> The task:
Your job with the data below is to output exactly the lines from the one holding "리빙듀오 스텐드 세라믹 칫솔꽂이, 핑크, 2개입" down to the one holding "KJ8-8P8C-C5e-180-BK. Вставка Keystone", both included, and no others.

*** Opening of Listed entries ***

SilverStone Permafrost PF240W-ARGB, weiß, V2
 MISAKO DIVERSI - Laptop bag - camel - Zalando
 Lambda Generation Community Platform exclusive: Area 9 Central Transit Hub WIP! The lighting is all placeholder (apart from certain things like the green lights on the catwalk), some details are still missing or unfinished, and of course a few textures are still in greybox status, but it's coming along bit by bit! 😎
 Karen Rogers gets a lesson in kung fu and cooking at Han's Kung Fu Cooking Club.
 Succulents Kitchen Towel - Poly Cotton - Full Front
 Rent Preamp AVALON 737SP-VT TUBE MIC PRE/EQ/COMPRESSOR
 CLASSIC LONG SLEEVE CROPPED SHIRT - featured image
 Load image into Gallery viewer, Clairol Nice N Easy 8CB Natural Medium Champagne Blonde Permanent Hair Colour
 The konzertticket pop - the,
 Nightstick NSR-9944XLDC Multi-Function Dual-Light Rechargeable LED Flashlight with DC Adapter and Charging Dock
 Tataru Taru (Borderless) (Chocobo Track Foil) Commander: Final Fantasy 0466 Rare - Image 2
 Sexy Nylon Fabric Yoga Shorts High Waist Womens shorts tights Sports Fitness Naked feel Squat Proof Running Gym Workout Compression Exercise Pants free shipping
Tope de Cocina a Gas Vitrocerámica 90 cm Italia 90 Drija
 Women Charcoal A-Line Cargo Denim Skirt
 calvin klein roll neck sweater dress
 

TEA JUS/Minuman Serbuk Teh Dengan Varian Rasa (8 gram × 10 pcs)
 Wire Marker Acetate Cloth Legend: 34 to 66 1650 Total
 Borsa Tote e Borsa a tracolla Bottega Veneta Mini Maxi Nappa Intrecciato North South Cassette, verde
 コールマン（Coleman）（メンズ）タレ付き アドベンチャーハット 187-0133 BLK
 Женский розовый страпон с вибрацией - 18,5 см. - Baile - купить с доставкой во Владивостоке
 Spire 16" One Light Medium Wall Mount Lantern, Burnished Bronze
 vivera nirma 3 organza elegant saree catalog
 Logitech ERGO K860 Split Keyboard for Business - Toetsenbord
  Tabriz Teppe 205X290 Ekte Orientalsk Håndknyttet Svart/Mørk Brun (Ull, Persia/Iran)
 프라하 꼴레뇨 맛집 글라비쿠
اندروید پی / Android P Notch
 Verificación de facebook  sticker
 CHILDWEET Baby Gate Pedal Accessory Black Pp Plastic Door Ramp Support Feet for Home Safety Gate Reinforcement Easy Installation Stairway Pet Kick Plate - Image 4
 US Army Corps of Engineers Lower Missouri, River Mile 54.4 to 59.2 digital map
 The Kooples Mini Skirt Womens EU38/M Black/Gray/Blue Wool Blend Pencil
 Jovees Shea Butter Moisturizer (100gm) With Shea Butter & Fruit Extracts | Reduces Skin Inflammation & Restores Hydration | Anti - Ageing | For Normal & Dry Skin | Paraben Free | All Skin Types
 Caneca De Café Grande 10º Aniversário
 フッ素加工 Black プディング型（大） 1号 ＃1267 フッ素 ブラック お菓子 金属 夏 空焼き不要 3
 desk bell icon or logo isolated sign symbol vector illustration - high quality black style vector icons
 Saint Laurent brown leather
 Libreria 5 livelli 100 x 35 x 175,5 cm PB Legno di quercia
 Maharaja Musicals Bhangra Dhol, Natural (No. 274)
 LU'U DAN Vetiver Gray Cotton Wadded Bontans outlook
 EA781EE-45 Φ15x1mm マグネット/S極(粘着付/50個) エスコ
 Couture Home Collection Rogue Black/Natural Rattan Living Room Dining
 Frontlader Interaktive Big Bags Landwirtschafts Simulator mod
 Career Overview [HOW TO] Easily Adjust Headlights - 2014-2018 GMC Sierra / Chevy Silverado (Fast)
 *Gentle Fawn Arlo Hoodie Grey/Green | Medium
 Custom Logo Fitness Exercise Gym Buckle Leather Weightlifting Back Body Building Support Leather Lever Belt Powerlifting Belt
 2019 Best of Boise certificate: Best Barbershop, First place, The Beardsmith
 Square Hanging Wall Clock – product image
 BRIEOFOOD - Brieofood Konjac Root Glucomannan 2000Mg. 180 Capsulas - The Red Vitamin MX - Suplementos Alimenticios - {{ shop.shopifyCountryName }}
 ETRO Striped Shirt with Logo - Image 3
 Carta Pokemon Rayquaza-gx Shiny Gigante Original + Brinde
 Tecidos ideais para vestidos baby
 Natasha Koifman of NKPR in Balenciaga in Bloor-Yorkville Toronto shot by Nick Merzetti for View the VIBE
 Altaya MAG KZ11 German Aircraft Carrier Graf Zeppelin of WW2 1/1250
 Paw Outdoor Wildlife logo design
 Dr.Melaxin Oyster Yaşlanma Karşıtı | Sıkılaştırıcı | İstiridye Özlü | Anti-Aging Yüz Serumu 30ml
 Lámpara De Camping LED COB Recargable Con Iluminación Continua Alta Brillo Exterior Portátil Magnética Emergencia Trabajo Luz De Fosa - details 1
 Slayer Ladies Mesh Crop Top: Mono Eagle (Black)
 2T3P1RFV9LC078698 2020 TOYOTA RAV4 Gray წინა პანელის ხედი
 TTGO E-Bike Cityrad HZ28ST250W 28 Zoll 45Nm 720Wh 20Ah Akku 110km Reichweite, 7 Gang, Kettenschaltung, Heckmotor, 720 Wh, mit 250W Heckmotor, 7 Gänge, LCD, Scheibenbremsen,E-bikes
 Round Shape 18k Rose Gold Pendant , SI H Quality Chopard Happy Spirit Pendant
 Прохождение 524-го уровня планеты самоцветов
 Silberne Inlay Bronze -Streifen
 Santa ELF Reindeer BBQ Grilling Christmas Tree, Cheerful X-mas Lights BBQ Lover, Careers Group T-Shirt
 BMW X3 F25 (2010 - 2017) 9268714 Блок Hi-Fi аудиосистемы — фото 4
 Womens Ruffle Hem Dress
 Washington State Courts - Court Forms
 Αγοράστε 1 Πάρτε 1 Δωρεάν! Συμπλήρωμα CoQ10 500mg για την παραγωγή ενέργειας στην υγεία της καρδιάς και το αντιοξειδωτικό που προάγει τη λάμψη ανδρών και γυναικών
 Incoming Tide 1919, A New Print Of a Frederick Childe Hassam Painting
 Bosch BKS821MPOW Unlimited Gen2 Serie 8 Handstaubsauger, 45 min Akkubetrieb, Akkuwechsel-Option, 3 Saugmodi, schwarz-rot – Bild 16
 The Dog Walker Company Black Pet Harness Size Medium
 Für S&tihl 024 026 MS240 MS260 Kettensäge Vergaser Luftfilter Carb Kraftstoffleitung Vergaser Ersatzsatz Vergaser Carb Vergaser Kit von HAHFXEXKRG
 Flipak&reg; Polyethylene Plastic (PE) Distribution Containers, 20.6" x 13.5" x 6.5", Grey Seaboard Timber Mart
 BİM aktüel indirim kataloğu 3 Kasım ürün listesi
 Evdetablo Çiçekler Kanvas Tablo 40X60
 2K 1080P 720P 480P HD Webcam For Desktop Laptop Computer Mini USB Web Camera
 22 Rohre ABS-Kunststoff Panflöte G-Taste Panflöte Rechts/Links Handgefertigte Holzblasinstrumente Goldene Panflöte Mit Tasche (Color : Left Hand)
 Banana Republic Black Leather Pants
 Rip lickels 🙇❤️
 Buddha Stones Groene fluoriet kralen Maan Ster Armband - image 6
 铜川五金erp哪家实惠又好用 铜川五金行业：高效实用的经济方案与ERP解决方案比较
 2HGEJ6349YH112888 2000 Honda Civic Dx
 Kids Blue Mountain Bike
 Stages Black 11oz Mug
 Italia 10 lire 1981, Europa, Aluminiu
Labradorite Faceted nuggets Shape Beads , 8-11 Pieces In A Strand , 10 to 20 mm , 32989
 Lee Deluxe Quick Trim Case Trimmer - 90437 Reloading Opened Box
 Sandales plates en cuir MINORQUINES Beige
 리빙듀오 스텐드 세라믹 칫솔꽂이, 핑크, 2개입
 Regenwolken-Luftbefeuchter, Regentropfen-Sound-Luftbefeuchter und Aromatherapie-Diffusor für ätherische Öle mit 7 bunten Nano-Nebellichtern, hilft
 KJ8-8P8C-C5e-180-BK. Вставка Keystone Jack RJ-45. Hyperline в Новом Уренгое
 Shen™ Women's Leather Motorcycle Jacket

*** Close of Listed entries ***

> Final answer:
 리빙듀오 스텐드 세라믹 칫솔꽂이, 핑크, 2개입
 Regenwolken-Luftbefeuchter, Regentropfen-Sound-Luftbefeuchter und Aromatherapie-Diffusor für ätherische Öle mit 7 bunten Nano-Nebellichtern, hilft
 KJ8-8P8C-C5e-180-BK. Вставка Keystone Jack RJ-45. Hyperline в Новом Уренгое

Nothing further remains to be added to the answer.